The Loudest Yeller:
A Collection of Book Reviews
"I ain’t the world’s best writer,
ain’t the world’s best speller
But when I believe in somethin,'’ I’m the loudest yeller"
( W O O D Y G U T H R I E )
Review
for January 25, 2001
(Scroll down for archives)
Lies My Teacher Told Me:
Everything Your American History Textbook Got Wrong
by James W. Loewen
Not too long ago a shocking realization hit me. Though I
was an attentive history student in high school, and later earned a college
degree in American history, I realized I knew absolutely nothing
about the Vietnam War. How could that happen, I wondered? How could someone who
spent so much time studying history in school, and even more time studying it outside
of school, be ignorant of such an important event? And more importantly, if it
had slipped by me, what about others like me?
James Loewen provides the answer in Lies My Teacher Told
Me. It turns out that 90 percent of high school history classes never even mention
Vietnam – and those that do paint an incomplete and misleading picture. Loewen
believes American students are being systematically lied to and misled in
their history classes. His book chronicles the litany of outrages perpetrated in
those history classes and in our educational system as a whole. Though its
unabashed left-wing perspective makes it unlikely to appeal to our country’s
conservative educational institutions, Loewen’s book should be a wake-up call
for anyone interested in history or education.
History, ultimately, is a
selection of facts, and Loewen argues convincingly that current textbooks have
chosen to include all the wrong facts. It is no wonder that most students find
history boring when it is taught as merely a succession of presidents, with a
pleasant little war every now and then to spice things up. But shouldn’t
students learn all aspects of our history?
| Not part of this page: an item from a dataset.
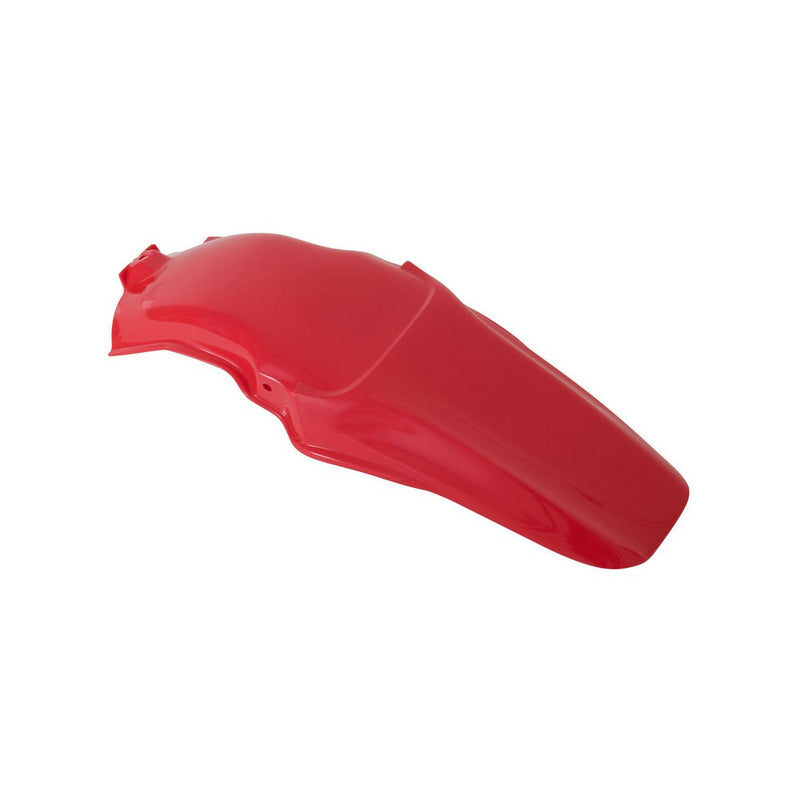 Rear Fender Rtech Cr80R 96-02 Cr85R 03-09 Red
Instead of being spared the
unpleasantness of racial violence, shouldn’t they learn that over a three-year
period in the 1860s, an average of one African-American per day was
murdered in Hinds County, Mississippi? Shouldn’t American students learn that
president Woodrow Wilson was a vicious racist and that the Federal government,
which was integrated when he took over, had been purged of African Americans by
the time he left office? Shouldn’t they learn about the government’s
kidnapping and deportation of thousands of Mexican-Americans – including many
who had been born in the United States – in the 1930s? Shouldn’t they learn
about the concentration camps in which Japanese Americans were confined during
World War II? Shouldn’t they learn about Paul Robeson, perhaps the most
talented performing artist in American history, whose acting and singing career
was prematurely ended by McCarthyism? Shouldn’t they learn that America’s
foreign policy during the 20th century consisted of violently
overthrowing the government of any country that refused to bow to U.S. corporate
interests? Shouldn’t they learn that the CIA, acting on behalf of the United
Fruit Company, hunted down and murdered one of the century’s most important
revolutionaries, Che Guevara, in 1967?
But there are no villains, Loewen
points out, in American history textbooks. No American has ever done anything
wrong. Bad things just “happen.” In high school history there are slaves but
no slaveholders, wars but no warmongers, crimes but no criminals. After all, it
might confuse students to learn that Thomas Jefferson raped slave women, or that
Abraham Lincoln often used the word “nigger.” Textbooks do a good job of
covering up for American heroes, but in doing so they rob education of its
greatest potential lesson: that in life, there are no easy answers. George
Orwell’s 1984 was supposed to be satire, but the prediction he made in
it – that history would be falsely rewritten by the government in order to
remove its most distasteful aspects – has become literally true. American
history as taught in public schools is propaganda of the highest order, just
like that once used in Nazi Germany and Communist Russia. The result of all this,
sadly, is that one can learn far more about how our society works from a single
Ani DiFranco song than from an entire U.S. History textbook.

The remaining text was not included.